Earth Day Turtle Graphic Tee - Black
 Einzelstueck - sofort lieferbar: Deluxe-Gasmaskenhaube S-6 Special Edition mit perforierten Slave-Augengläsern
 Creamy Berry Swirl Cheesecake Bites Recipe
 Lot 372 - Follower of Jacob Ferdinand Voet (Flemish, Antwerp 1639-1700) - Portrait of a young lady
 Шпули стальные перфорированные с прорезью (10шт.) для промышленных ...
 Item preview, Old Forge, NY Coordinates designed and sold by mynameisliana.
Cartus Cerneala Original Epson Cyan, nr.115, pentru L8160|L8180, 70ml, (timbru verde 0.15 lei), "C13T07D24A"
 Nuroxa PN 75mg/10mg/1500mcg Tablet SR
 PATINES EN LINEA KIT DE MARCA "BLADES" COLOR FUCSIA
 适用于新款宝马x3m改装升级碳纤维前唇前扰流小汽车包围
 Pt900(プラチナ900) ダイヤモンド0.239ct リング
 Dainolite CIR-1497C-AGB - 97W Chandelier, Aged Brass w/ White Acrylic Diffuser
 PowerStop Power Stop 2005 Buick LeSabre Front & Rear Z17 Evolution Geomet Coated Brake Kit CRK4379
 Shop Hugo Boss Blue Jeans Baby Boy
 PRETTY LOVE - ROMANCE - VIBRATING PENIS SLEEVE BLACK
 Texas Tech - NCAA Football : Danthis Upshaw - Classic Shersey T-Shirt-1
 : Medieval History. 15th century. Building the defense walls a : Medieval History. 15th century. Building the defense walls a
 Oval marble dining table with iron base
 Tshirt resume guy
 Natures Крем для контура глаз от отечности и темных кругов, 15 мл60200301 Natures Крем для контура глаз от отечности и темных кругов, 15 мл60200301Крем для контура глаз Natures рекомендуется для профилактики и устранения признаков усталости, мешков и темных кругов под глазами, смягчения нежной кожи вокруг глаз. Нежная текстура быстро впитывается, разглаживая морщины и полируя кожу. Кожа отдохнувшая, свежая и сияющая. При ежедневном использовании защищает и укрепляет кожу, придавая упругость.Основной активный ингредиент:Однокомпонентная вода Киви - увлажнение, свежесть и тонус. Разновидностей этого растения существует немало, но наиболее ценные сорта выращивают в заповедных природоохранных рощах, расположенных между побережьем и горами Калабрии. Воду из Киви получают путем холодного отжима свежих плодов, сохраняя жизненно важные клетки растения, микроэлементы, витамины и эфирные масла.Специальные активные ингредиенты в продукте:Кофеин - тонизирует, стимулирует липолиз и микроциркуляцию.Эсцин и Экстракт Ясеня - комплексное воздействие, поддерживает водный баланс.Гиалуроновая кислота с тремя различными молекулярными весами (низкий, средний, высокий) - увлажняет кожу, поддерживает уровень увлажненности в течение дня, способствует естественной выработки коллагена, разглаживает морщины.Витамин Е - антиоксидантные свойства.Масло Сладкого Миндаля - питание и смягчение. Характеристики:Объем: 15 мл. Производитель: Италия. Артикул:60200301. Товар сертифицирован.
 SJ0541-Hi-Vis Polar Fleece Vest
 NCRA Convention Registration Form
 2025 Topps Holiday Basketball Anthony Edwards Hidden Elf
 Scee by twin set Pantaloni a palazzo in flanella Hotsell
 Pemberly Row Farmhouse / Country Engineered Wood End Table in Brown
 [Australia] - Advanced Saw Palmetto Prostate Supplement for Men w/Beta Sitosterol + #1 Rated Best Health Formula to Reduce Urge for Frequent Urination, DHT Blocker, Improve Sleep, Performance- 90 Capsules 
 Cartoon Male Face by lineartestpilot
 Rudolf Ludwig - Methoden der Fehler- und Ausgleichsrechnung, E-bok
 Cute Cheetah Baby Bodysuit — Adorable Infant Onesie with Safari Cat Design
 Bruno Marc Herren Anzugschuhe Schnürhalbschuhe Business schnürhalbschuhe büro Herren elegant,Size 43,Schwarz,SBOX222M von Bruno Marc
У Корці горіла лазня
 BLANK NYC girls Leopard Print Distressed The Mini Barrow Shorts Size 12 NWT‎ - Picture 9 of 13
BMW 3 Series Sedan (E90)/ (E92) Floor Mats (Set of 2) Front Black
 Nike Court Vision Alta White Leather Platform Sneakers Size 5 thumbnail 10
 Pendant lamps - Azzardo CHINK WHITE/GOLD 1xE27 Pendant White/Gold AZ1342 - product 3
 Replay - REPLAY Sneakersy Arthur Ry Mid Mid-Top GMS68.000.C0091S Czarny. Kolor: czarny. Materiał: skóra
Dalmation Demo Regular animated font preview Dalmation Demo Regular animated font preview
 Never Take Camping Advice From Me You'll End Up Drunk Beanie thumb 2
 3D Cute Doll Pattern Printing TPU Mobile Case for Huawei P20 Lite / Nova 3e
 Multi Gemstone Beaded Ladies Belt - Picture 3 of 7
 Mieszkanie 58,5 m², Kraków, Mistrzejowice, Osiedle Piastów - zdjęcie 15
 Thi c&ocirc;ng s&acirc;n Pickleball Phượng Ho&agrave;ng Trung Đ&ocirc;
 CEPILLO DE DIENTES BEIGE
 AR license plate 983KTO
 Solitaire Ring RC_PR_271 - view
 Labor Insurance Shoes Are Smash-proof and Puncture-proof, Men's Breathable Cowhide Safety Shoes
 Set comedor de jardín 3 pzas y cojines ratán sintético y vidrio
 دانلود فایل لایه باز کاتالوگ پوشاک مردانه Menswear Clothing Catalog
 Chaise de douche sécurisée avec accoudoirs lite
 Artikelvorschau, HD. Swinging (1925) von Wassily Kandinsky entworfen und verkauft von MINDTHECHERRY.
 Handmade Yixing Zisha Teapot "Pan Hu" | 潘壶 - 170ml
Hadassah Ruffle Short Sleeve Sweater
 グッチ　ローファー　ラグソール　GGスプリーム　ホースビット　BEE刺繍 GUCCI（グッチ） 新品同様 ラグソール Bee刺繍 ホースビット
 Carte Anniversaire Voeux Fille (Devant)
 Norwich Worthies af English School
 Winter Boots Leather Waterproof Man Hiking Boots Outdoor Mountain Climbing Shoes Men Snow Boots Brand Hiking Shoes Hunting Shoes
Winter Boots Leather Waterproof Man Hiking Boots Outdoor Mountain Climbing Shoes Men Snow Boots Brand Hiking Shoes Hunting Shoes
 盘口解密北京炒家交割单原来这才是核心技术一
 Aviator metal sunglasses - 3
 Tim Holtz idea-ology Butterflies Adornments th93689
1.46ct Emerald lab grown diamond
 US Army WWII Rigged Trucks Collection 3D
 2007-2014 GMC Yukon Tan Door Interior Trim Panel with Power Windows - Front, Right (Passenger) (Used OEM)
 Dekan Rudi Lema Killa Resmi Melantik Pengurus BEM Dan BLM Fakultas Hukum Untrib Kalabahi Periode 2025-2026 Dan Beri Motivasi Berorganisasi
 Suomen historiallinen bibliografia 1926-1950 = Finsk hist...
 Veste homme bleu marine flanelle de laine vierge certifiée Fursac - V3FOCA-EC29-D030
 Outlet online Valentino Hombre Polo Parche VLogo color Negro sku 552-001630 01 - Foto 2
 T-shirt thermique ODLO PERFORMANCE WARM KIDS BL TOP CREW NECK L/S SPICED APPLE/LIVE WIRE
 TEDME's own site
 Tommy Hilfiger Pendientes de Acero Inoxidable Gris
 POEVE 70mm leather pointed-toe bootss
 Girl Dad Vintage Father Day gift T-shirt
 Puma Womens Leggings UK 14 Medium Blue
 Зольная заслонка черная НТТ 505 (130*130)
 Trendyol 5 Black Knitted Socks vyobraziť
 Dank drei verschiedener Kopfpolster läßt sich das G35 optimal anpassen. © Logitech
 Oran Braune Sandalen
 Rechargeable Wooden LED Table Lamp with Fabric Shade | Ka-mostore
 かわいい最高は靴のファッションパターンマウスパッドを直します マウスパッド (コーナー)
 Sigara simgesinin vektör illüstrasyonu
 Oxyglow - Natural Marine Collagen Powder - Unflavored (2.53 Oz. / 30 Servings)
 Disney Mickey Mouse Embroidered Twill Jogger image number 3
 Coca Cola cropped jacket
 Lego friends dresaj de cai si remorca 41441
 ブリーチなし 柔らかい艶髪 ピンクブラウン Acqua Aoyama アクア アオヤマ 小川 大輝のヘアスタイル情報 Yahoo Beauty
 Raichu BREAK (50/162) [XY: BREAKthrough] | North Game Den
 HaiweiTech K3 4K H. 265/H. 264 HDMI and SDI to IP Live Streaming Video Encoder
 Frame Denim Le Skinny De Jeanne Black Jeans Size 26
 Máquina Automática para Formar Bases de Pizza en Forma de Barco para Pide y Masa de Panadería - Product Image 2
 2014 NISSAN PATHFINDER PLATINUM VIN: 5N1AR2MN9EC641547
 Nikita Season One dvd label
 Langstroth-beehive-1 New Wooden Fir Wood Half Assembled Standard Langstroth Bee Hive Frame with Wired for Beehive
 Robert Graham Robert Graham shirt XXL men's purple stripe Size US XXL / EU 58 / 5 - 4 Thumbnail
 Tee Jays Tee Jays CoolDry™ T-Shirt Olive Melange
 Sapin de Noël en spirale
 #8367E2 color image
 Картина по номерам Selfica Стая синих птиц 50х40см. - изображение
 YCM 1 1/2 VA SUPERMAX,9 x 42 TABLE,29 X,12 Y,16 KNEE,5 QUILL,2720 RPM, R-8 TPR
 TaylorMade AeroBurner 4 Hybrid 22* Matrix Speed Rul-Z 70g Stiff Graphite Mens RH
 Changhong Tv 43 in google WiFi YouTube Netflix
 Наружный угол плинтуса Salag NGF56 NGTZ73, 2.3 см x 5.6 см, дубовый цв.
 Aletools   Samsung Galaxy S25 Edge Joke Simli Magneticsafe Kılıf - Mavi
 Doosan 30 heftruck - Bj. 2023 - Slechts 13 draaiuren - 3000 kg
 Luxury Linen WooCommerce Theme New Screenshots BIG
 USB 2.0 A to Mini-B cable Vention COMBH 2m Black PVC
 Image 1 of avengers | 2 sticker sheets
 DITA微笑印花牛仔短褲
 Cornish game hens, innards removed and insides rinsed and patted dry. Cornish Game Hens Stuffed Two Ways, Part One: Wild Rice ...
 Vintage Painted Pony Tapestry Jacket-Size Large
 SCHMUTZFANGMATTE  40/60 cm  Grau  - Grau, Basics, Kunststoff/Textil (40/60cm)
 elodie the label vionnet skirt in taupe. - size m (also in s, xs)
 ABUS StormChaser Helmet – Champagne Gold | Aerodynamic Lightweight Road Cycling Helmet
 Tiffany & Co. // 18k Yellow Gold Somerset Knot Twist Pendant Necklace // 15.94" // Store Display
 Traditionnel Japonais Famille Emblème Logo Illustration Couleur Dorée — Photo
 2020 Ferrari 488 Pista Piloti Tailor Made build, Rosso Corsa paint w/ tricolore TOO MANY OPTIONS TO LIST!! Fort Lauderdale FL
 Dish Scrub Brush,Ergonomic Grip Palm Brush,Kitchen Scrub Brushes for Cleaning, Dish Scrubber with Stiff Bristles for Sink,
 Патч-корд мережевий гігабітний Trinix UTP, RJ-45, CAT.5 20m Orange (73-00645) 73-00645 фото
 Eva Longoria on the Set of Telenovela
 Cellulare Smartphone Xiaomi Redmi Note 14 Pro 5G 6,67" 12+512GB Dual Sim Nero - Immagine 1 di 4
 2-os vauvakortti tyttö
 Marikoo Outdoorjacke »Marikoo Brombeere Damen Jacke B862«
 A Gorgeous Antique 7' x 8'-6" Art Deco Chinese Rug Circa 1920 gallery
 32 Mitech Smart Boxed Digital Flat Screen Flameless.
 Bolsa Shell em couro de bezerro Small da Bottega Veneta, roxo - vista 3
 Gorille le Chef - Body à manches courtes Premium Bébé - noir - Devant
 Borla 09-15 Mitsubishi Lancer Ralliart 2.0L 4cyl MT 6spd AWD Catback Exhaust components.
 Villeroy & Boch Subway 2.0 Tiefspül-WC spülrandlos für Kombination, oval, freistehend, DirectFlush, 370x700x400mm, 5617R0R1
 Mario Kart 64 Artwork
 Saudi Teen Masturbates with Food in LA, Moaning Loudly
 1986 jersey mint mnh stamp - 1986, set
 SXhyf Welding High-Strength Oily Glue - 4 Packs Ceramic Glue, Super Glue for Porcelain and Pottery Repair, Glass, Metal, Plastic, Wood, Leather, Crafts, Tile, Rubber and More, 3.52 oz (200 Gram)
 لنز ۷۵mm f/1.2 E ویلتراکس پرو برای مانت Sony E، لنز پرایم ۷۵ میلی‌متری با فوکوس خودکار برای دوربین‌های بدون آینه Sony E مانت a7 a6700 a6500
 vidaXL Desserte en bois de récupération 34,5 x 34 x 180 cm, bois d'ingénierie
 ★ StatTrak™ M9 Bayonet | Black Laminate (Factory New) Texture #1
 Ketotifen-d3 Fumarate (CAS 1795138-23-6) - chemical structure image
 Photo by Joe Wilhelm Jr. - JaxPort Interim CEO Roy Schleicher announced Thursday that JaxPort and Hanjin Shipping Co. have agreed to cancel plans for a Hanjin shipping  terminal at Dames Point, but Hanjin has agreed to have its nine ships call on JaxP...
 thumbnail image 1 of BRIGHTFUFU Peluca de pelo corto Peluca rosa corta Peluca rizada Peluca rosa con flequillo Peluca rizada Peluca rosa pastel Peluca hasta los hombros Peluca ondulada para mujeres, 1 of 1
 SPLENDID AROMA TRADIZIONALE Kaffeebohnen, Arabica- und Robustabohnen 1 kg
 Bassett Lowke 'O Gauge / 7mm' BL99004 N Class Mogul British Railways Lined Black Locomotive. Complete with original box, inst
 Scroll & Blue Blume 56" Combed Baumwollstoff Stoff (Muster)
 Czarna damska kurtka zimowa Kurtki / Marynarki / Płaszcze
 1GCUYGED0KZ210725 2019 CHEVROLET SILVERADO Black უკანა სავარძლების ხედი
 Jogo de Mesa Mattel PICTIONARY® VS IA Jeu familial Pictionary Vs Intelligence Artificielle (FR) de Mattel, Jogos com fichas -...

▶ [Description of the task]:
Nothing outside this range should appear: the lines from the start of the listing through the line with "Tshirt resume guy", each reproduced exactly, both ends included.

▶ [Problem solution]:
Earth Day Turtle Graphic Tee - Black
 Einzelstueck - sofort lieferbar: Deluxe-Gasmaskenhaube S-6 Special Edition mit perforierten Slave-Augengläsern
 Creamy Berry Swirl Cheesecake Bites Recipe
 Lot 372 - Follower of Jacob Ferdinand Voet (Flemish, Antwerp 1639-1700) - Portrait of a young lady
 Шпули стальные перфорированные с прорезью (10шт.) для промышленных ...
 Item preview, Old Forge, NY Coordinates designed and sold by mynameisliana.
Cartus Cerneala Original Epson Cyan, nr.115, pentru L8160|L8180, 70ml, (timbru verde 0.15 lei), "C13T07D24A"
 Nuroxa PN 75mg/10mg/1500mcg Tablet SR
 PATINES EN LINEA KIT DE MARCA "BLADES" COLOR FUCSIA
 适用于新款宝马x3m改装升级碳纤维前唇前扰流小汽车包围
 Pt900(プラチナ900) ダイヤモンド0.239ct リング
 Dainolite CIR-1497C-AGB - 97W Chandelier, Aged Brass w/ White Acrylic Diffuser
 PowerStop Power Stop 2005 Buick LeSabre Front & Rear Z17 Evolution Geomet Coated Brake Kit CRK4379
 Shop Hugo Boss Blue Jeans Baby Boy
 PRETTY LOVE - ROMANCE - VIBRATING PENIS SLEEVE BLACK
 Texas Tech - NCAA Football : Danthis Upshaw - Classic Shersey T-Shirt-1
 : Medieval History. 15th century. Building the defense walls a : Medieval History. 15th century. Building the defense walls a
 Oval marble dining table with iron base
 Tshirt resume guy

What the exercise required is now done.